Monday, March 28, 2005
(9:10 AM) | Adam Kotsko:
My Conundrum
My future children are lucky they're not born yet. If they were, I would have just entered the house in a rampage, telling one that her handicrafts are not done correctly, the other that his incessant piano playing is driving me nuts -- and I'd hit a light switch and yell, "Aw, is the electrician ever going to get this right?" And then I'd creep out my youngest child by holding him over-tightly as I held back tears of despair.I would act out this scene from It's a Wonderful Life because I'm pretty sure that I'm not even on the waiting list at DePaul. I have not been "officially" counting on getting in off the waiting list, but finding out the news this morning (from one of the professors with whom I've been in close contact -- but who, for the first time in over a decade, was not on the admissions committee), it became clear that I really was hoping for the deus ex machina of some nameless person choosing Fordham or Villanova over DePaul.
Now my options all seem to be fairly bad. I've requested a deferral from Nottingham, both because Goodchild is on leave next year and because I'd like to have a decent shot at actual scholarships, so I could take a year off and go there. I have the offer from New School, with the very flattering scholarship -- but that scholarship makes it so that I would spend basically the same amount for tuition for a second MA as I would spend on the coursework for a PhD from CTS. I wonder why it is that I couldn't have applied at more places that would have offered funding; but wait! -- I actually did, and the very best result I got from any of them was being on the waiting list at Vanderbilt, an institution at which, on paper at least, I am a virtual clone of several of their current grad students.

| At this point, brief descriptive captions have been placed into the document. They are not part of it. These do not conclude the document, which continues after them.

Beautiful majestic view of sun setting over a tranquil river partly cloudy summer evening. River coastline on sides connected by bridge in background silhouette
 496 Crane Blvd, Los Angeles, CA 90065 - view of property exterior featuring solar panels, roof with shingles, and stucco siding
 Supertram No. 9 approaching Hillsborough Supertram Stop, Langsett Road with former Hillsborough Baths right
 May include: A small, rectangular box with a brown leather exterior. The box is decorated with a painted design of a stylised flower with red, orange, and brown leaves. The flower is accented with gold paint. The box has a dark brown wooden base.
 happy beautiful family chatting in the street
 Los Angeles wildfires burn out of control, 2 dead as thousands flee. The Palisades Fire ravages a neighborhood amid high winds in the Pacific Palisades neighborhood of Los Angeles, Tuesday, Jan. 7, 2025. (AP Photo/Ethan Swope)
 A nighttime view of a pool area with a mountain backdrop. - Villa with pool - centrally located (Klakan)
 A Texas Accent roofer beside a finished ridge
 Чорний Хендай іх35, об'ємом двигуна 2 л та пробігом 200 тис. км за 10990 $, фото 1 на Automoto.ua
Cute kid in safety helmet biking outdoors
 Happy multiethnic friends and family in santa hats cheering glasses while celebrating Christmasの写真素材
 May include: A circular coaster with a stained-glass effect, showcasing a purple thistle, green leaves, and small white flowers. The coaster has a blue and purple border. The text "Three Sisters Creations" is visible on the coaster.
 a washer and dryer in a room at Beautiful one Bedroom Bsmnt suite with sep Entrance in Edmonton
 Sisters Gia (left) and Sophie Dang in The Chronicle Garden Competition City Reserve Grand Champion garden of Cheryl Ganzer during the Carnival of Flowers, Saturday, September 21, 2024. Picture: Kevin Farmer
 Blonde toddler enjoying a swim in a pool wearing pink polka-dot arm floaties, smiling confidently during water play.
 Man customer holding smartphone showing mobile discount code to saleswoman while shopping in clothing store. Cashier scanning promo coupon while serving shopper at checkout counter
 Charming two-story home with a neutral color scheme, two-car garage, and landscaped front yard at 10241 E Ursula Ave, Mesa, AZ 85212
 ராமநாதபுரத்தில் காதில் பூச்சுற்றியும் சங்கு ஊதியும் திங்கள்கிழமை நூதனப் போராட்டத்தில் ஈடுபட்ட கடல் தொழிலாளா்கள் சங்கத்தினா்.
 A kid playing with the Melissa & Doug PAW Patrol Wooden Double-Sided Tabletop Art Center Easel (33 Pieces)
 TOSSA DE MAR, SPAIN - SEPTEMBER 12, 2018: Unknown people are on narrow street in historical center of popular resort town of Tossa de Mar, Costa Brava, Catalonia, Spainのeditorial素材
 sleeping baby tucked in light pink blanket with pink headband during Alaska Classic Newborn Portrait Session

I know it's all dice rolls, and it's not really a matter of my wanting to be affirmed as a person -- more a matter of feeling like pursuing the rather uncertain road of an academic career would be a whole lot easier to take if I could go into job searches without being pinned against the wall with an unreasonable amount of debt. And it's also a feeling of -- once again, now as at every point of my life -- having missed out on the opportunity to go to an institution whose prestige would complement my talents, allowing me to, you know, actually get somewhere in life.
Yes, yes -- no harm in waiting a year and reapplying; or, better, the academic job market is so shitty that you're going to hate yourself even more in five or six years when you've got this advanced degree with no job to go with it. Just sign on with the temp agency, and you'll eventually stumble into a job. Or why not get your teaching certificate? Right. And I'll be thanking myself a few years down the line when I'm trying to start a family and I'm on so much better financial footing. I'll be able to afford the name-brand cereals for my children.